İSİM: David Norton
ÖĞRETMEKTE OLDUĞUNUZ DERS? Mutfak sanatları ve aşçılık lisans dersleri.
BAĞLI OLDUĞUNUZ KURULUŞ? Le Cordon Blue, Yeni Zelanda
David Norton, Le Cordon Blue Yeni Zelanda’daki üç yıllık Mutfak Sanatları ve Aşçılık lisans programı dahilinde restoranlarda yemek ve içki servisi, yemek ve şarap kültürü dersleri veriyor. Babası “catering”- özel gün ve partiler için yemek-içki servisi sağlama- işinde çalışan David hem şef hem garson olarak çalışıp yemek tarifleri yazmış, restoranlar hakkında eleştiriler yapmıştır; aynı zamanda “Fransız Sömürgelerinde Yemek Yapımı ve Aşçılık”, “Yeni Zelanda Yemekleri”, “Masadaki Hakimiyet” (kitap adlarından emin değilim) gibi kitapların yazarıdır.
S: Kariyerinizi belirlerken nasıl bir rota çizdiniz?
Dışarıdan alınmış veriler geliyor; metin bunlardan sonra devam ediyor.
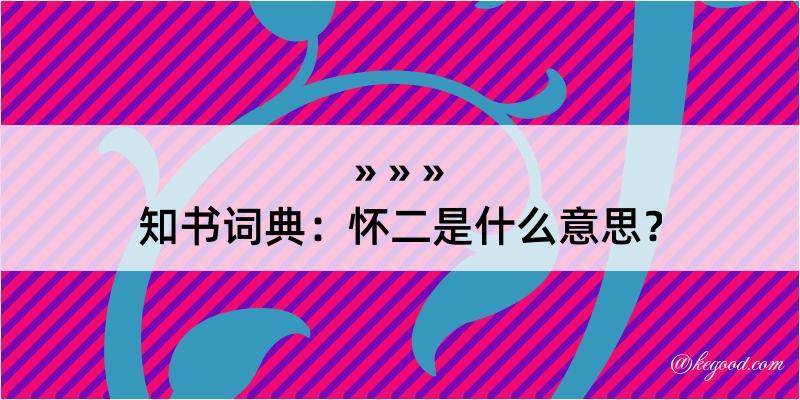 知书词典：怀二是什么意思？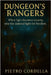Dungeon's Rangers: Guardians of the Undergrounds by Cordella, Pietro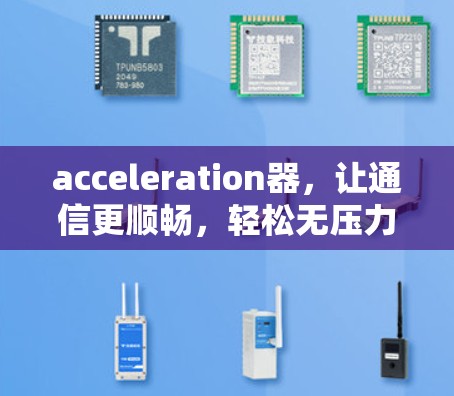 acceleration器,让通信更顺畅,轻松无压力 acceleration器,让通信更顺畅,轻松无压力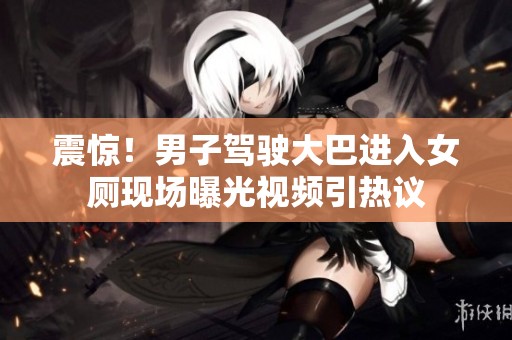 震惊！男子驾驶大巴进入女厕现场曝光视频引热议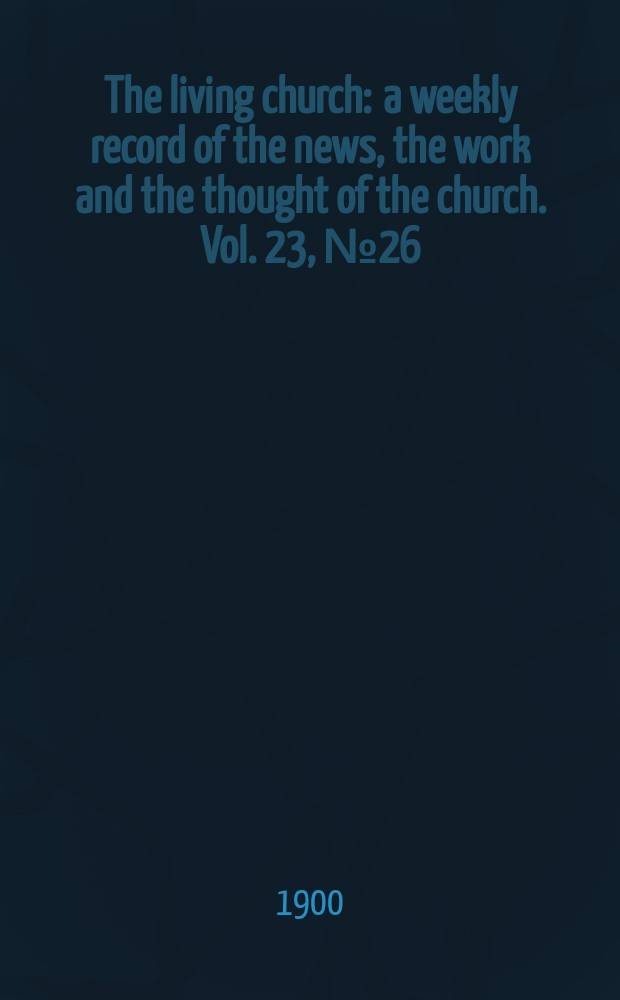 The living church : a weekly record of the news, the work and the thought of the church. Vol. 23, № 26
Canterbury Üniversitesi’nde Sosyoloji yüksek lisansını tamamladıktan sonraki dört yıl asıl eğitimimi gördüğüm yıllardı. Nelson, Wellington, Londra gibi şehirlerde önce garson ve ızgara aşçısı olarak çalıştıktan sonra nihayet şef oldum. O günden bu yana Le Cordon Blue’da ders vermeye ek olarak Dominic Post gazetesinde ve “Cuisine” dergisinde yemek ve restoran eleştirmenliği yaptım.
S: Öğrencilerin dersinizde neler öğreneceğini detaylı bir şekilde açıklar mısınız?
İletişim derslerinde öğrenciler başarılı birer iletişimci olmayı öğrenirken iş yazışmaları yapma ve toplum önünde konuşmaya dair spesifik beceriler edinecek. Yemek ve içki servisi dersinde ise kafe seviyesinden restoran seviyesinde kaliteli yemeklere kadar her türlü yemeğin sunum tekniklerine ait temel bilgileri edinecekler. Yemek ve Şarap Kültürü dersi öğrencinin zekâsını ve bilgilerini yemek ve içki tadımında etkili bir şekilde kullanmasını sağlayacak.
S: öğrencilerinize ilk olarak neyi öğretiyorsunuz?
Hizmet sektöründe esas önemli olan şeyin etkili iletişim olduğunu, bir müşterinin gittiği restoranda yemeğin kalitesini unutsa bile kendisine verilen hizmeti uzun bir süre unutmayacağını öğretiyorum.
S: Çalıştığınız sektörde başarılı olmak için gereken özellikler nelerdir?
Yaratıcılık, el becerisi ve çabukluğu, girişkenlik ve saatlerce çalışmaya istekli olabilmek.
S: Bu dersi almanın avantajları nelerdir?
Le Cordon Blue lisansının geniş kapsamlılığı, öğrenciye gıda ve hizmet sektörünün her alanında eksiksiz bilgi donanımı sağlar.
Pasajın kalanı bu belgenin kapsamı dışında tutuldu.